WATCH: The Govt Copped A Skewering On Welfare Cuts On Q&A Last Night

The Government is doing its best right now to justify its latest big piece of policy: a large-scale, data-driven crackdown on welfare dependency led by Social Services Minister Christian Porter

It’s pitched as a way to break people out of welfare dependency cycles by leading them into work, but the mechanism by which it functions is pretty similar to basically all other examples of welfare reform across the globe – that is, making welfare harder to access. Porter faced up to Q&A last night, and was forced to answer questions from those who might slip through the cracks under his proposed system.
The panel took a question from Rose Cox, 16, who cares for her wheelchair-bound mother on a meagre carer’s stipend of $8 a day. She asked Porter how a blanket reform policy might impact someone like her.

She said:
I’m 16, I’ve started Year 12. At 44 my mum was wheelchair-dependent after a year in hospital with a rare neurological illness. My dad became unwell then, resulting in my becoming at the age of 8 a young carer for my younger sister and family. After 26 years of marriage our family unit broke down four years ago, leaving my sister, now 11, and I alone with our mum. We provide some sort of care every day, every day and night for 24/7; care includes things like blocked catheters, which are a medical emergency and accidents at night, hydrotherapy and household tasks. I didn’t ask for this role, I landed in it at a very young age. My young care allowance is $8 a day […] How will changes to payments and a blanket policy understand the very unique and often stressful experiences of young carers like myself and my sister?

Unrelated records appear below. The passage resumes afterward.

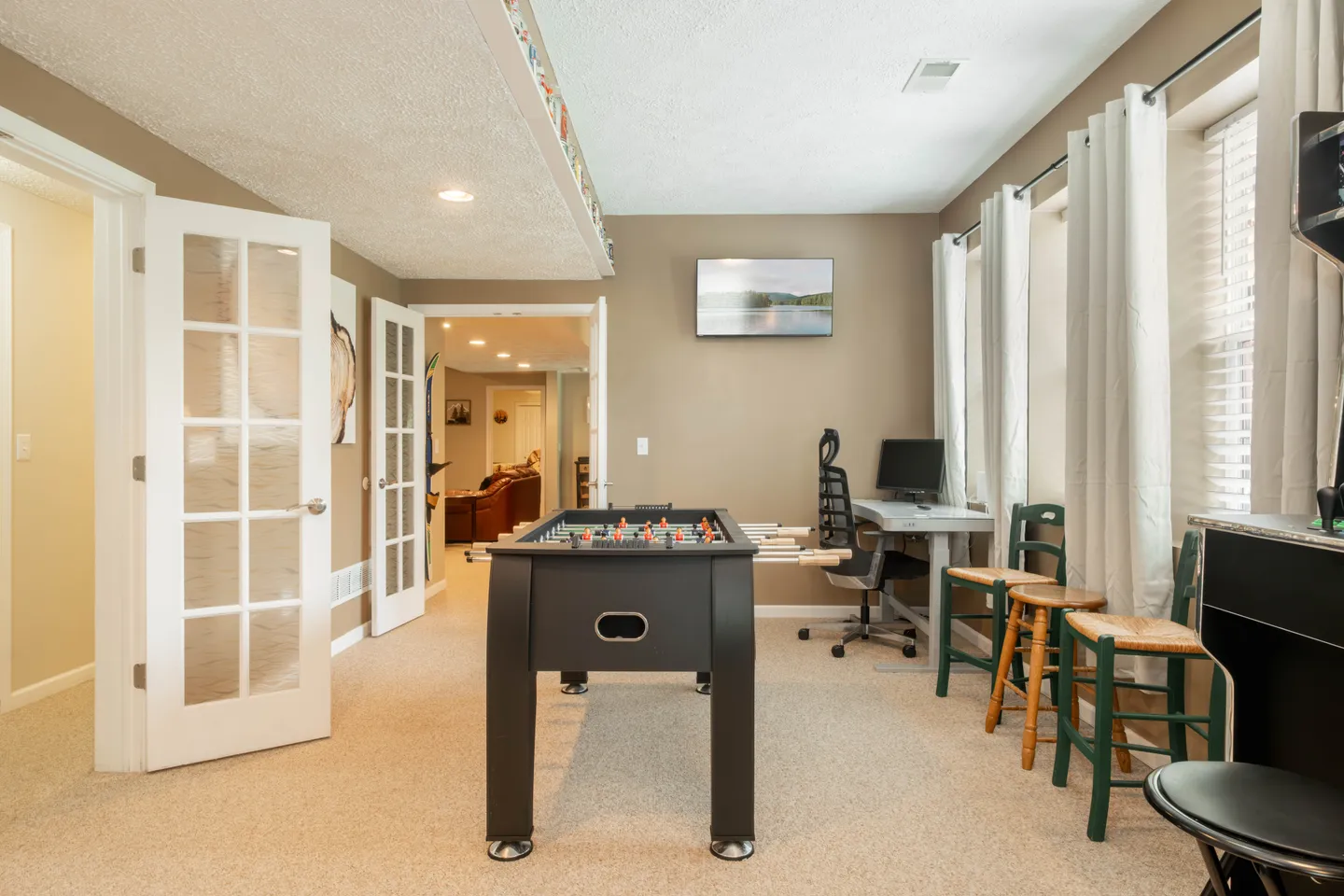 Game room featuring a black foosball table on carpeted flooring, with a computer desk, bar stools, and glass French doors.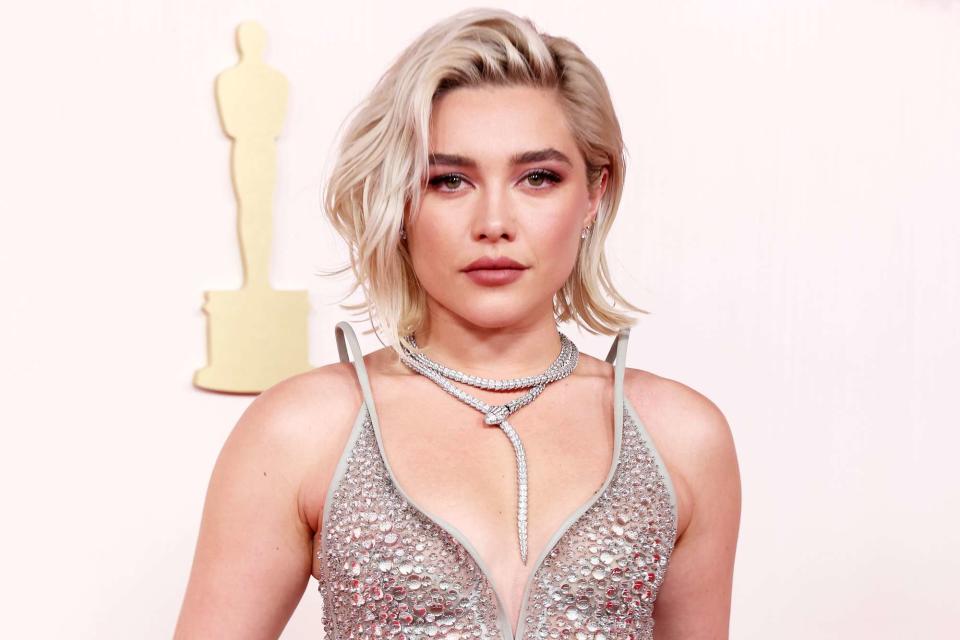 <p>Kevin Mazur/Getty </p> Florence Pugh at 2024 Oscars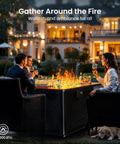 Gathering around 43 Inch Rectangular Propane Fire Pit Table With 60,000 BTU Heat for Backyard Hangouts, warm setting, night view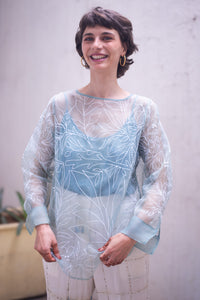 woman wearing a sheer white top named as tinsel top by HeenaAgrima with blue accents in an outdoor setting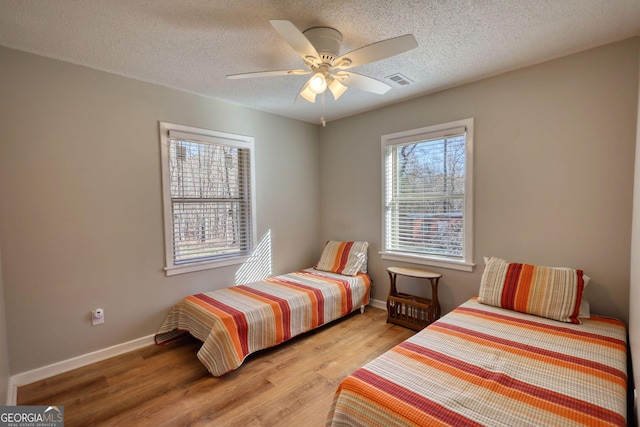 bedroom with a textured ceiling, light wood finished floors, visible vents, and baseboards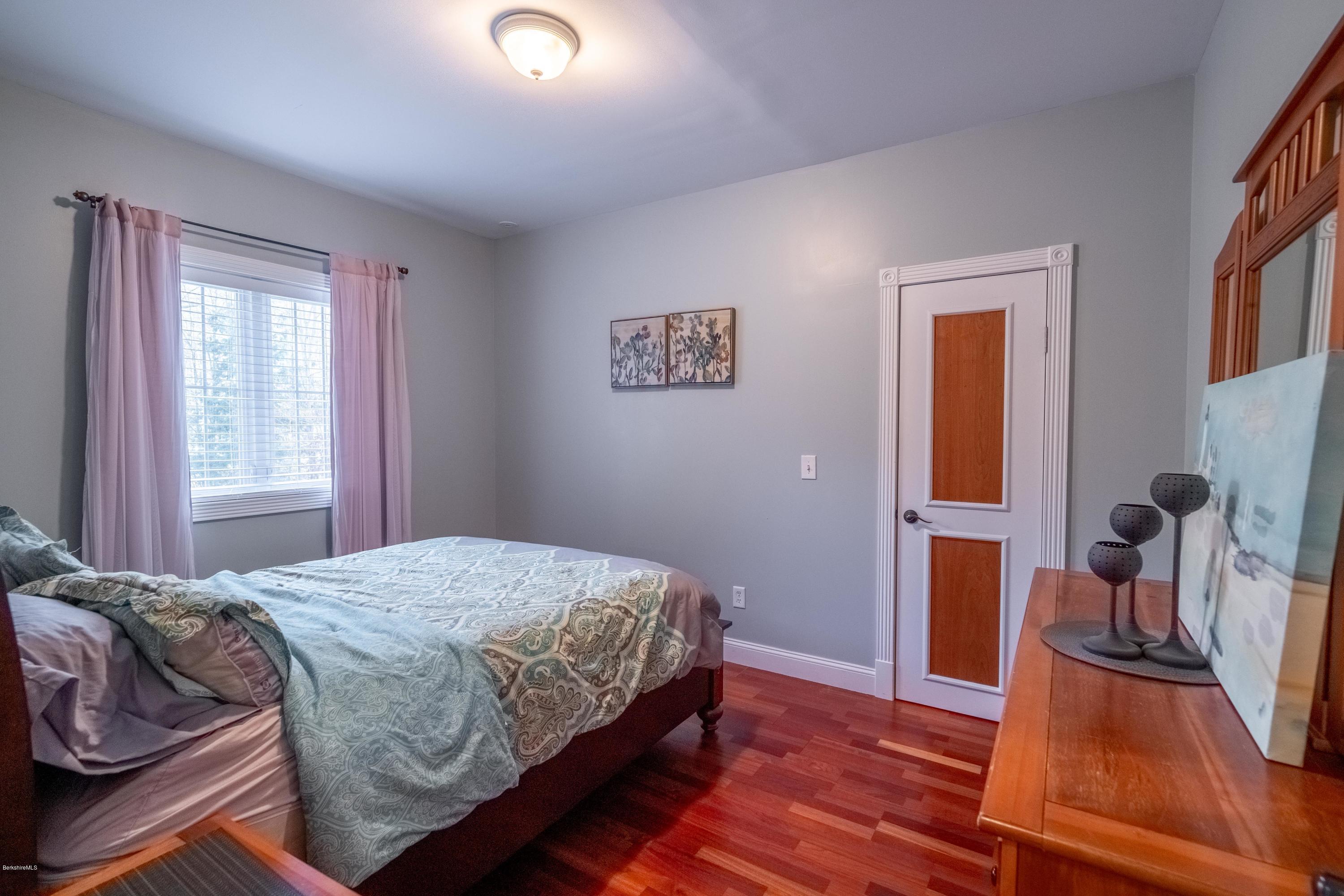 29 Valley View Road Becket, MA 01223 - Photo 12 of 36 a bedroom with a bed and a wooden floor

Porter’s response was the standard policy line: there are a range of different stories within the welfare system and they’ll all be addressed by the firm hand of Big Data, etc etc. Tony Jones asked him specifically: will the reforms mean someone like Cox will have more money, or less money?

He didn’t quite have an answer. Fellow panellist Eva Cox dismissed the notion that a support program for someone like Rose would ever survive long before being cut by a future government looking for savings.
Porter eventually replied. “We have information available to us that has never been before government in the way that it is now,” he said. “And what it allows us to do is to track programs along. One thing, Rose, is we can’t leave things as they are.”

So that’s the line on welfare: the data will save us. If the computer deigns you unworthy, the data is there to prove that was always the case.
Porter also copped a question from a 60-year-old pensioner who wondered about the fairness of being denied a disability pension and asked to retrain for work when there are younger, able-bodied people on welfare who could do the work instead. Another questioner asked about the wait-for-the-dole scheme, and wondered whether people might slip through the cracks.

Overall, it’s looking like a real tough sell, hey?
Source: Q&A.
Photo: Q&A.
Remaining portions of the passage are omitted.